GIVEN INFORMATION:

##########

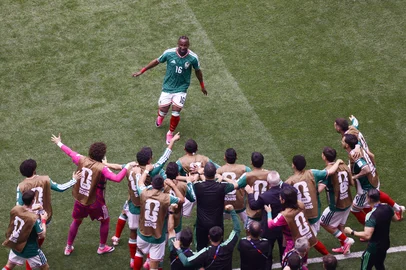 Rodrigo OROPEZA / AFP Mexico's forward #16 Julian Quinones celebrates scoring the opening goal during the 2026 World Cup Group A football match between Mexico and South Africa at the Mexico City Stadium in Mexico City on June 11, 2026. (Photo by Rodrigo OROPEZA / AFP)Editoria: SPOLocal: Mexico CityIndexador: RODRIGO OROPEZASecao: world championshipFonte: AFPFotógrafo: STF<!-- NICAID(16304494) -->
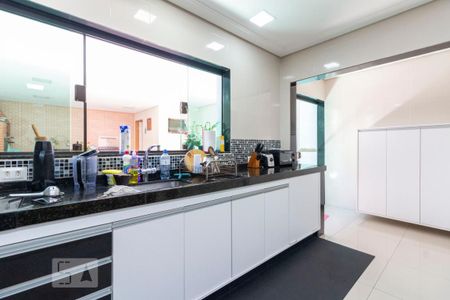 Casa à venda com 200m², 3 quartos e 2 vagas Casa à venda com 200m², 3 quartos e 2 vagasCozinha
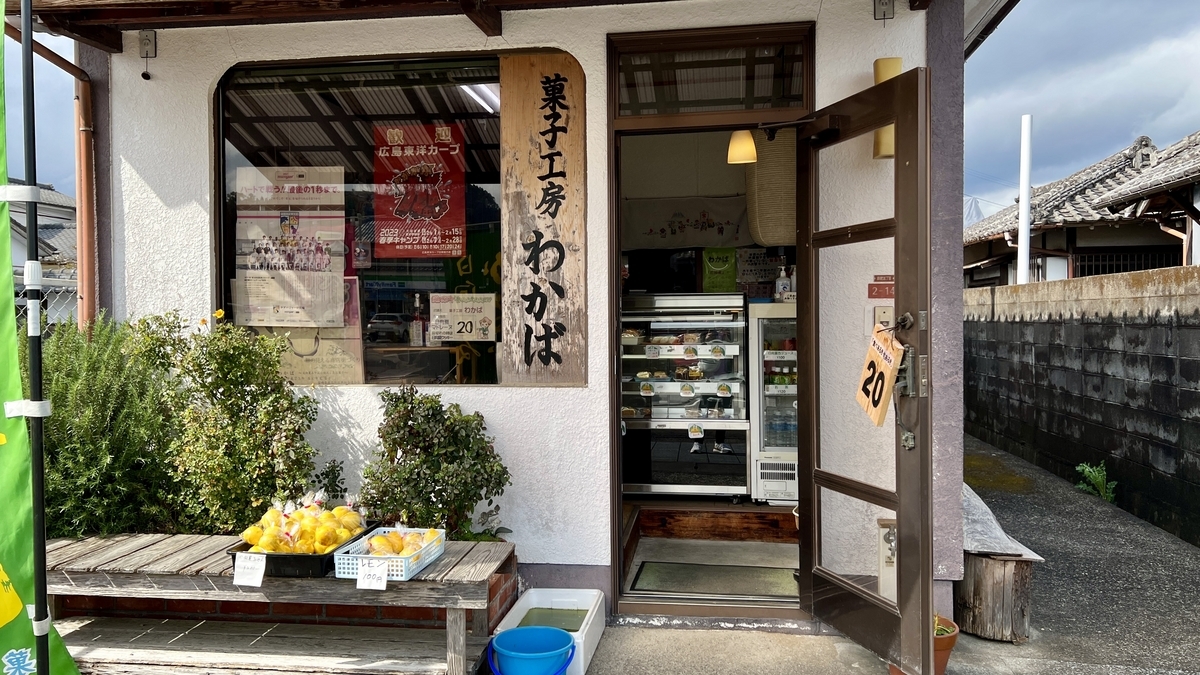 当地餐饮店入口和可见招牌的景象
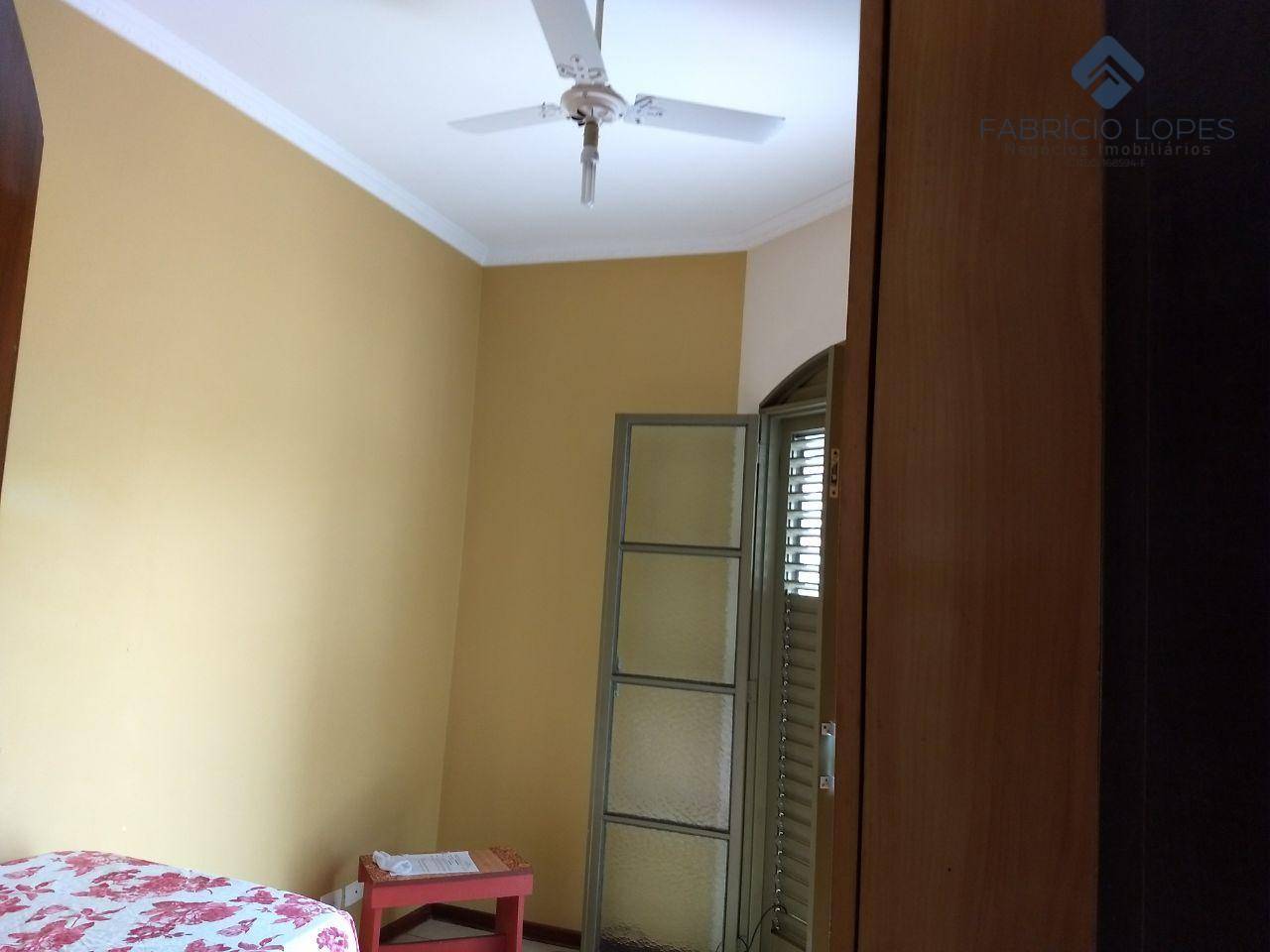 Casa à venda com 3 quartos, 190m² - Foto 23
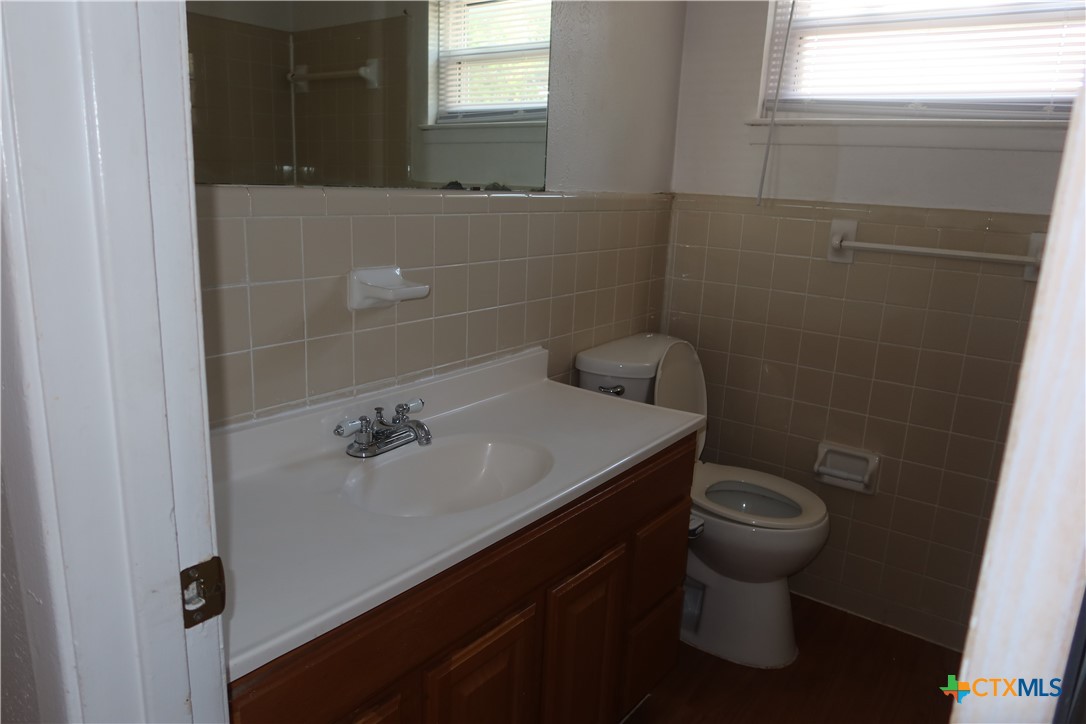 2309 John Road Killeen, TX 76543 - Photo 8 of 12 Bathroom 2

##########

WHAT YOU HAVE TO DO: Copy all of the listing word for word, minus the images.

COMPLETED EXERCISE:
 Rodrigo OROPEZA / AFP Mexico's forward #16 Julian Quinones celebrates scoring the opening goal during the 2026 World Cup Group A football match between Mexico and South Africa at the Mexico City Stadium in Mexico City on June 11, 2026. (Photo by Rodrigo OROPEZA / AFP)Editoria: SPOLocal: Mexico CityIndexador: RODRIGO OROPEZASecao: world championshipFonte: AFPFotógrafo: STF<!-- NICAID(16304494) -->
 Casa à venda com 200m², 3 quartos e 2 vagas Casa à venda com 200m², 3 quartos e 2 vagasCozinha
 当地餐饮店入口和可见招牌的景象
 Casa à venda com 3 quartos, 190m² - Foto 23
 2309 John Road Killeen, TX 76543 - Photo 8 of 12 Bathroom 2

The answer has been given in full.